As if the Kepler star KIC 8462852 weren’t interesting enough, Bradley Schaefer (Louisiana State) added to the controversy when he discovered what appeared to be a steady dimming of the star over the past century. Schaefer called the result “completely unprecedented for any F-type main sequence star,” and given the discussion about KIC 8462852 as a SETI target, this raised the stakes. Something just as odd as the object’s strange lightcurves was going on here, and it seemed natural to think that the dimming and the lightcurves were related.

But Michael Hippke now begs to disagree. An old friend of Centauri Dreams (see, for example, his Exomoons: A Data Search for the Orbital Sampling Effect and the Scatter Peak), Hippke takes a close look at Schaefer’s work and reaches a different conclusion. As he sees it, the ‘dimming’ of up 0.165 ± 0.013 magnitudes per century in this F3 star may actually be the result of imperfect calibration on the Harvard plates. In other words, while the lightcurve anomalies remain, the dimming may well be a data artifact rather than an astrophysical enigma.


Image: KIC 8462852 as photographed from Aguadilla, Puerto Rico by Efraín Morales, of the Astronomical Society of the Caribbean (SAC).

First, though, a word about Bradley Schaefer’s work, about which Hippke says “Schaefer had the excellent idea to look into the old plate archives. To solve this mystery, we need all the information we can get, and Schaefer did very careful and high-quality work.”

This parallels comments I’ve heard from other professionals, who praise the quality of Schaefer’s analysis. Submitted to Astrophysical Journal Letters, the Hippke paper looks to contrast the ‘dimming’ of KIC 8462852 with an analysis of other F-type main sequence stars from the same dataset. Along the way, Hippke double-checks Schaefer and finds sound work:

Although the process of data cleansing and binning involves arbitrary choices, we have reproduced this part of the analysis for all variants with virtually identical results. It is therefore important to note that the method and results in Schaefer (2016) appear to be adequately careful and accurate. In the following, we will thus concentrate solely on the interpretation of his result – whether the dimming is “unprecedented”.

Take away its odd lightcurves and KIC 8462852 appears to be a relatively normal star. Thus Hippke’s criteria for study are F-stars from the Kepler field of view, from which photometry is studied for the 3 most quiet F-dwarfs and 25 bright F-dwarfs in the Harvard DASCH (Digital Access to a Sky Century @Harvard) archive. Trends in the data may not, Hippke believes, be slow drifts but ‘structural breaks’ — in other words, changes caused by abrupt changes in technology or calibration techniques. Evidence for this occurs not only for KIC 8462852 but also for KIC 7180968, indicating we are dealing with a phenomenon not isolated to KIC 8462852.

From the paper:

The significant trends (and/or structural breaks) found in 18 of 28 comparison stars support the interpretation that the dimming of KIC 8462852 is not extraordinary.
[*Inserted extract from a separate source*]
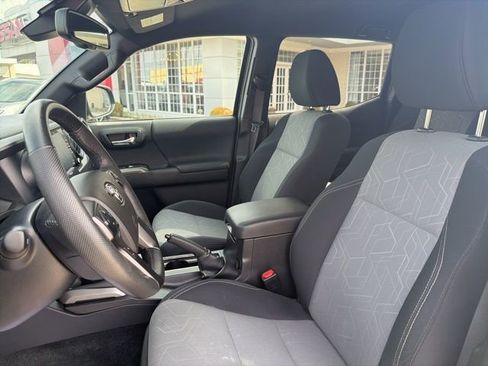 Used 2023 Toyota Tacoma TRD Sport w/ Advanced Technology Package image 9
A careful analysis of each dataset is time-consuming, which is why we have not performed this analysis for hundreds of stars. In case of further doubt on the significance of such trends, the analysis presented could simply be expanded to more stars.

This would make an astrophysical interpretation of the ‘dimming’ unlikely because it would require that a number of main-sequence F-dwarfs fluctuate by 10% or more over the course of a century. “It seems more likely,” writes Hippke, “that the change of emulsions, errors in calibration etc. cause these trends.” In an email just received, Hippke notes of Schaefer’s work that “It might just be that his check stars were unusually stable, which obfuscated existing trends in the data.”

Thus the paper favors the notion that changes in technology and imperfect calibration — quality issues in the dataset itself — explain what otherwise appears to be long-term dimming of KIC 8462852. This leaves us, as the author notes, with the short-term dimmings found in KIC 8462852’s lightcurves, a problem that the question of century-long dimming does not address.

What can be done to investigate the dimming issue further? Hippke’s email suggests that other data, particularly plates from the Sonneberg Observatory in Germany, will be useful for comparison. “Unfortunately, these plates are not available online and have only partially been scanned, so checking these data might take several months.”

The paper is Hippke, “KIC 8462852 did likely not fade during the last 100 years,” submitted to the Astrophysical Journal Letters (preprint). Bradley Schaefer strongly disputes Hippke’s work, so we haven’t heard the end of this.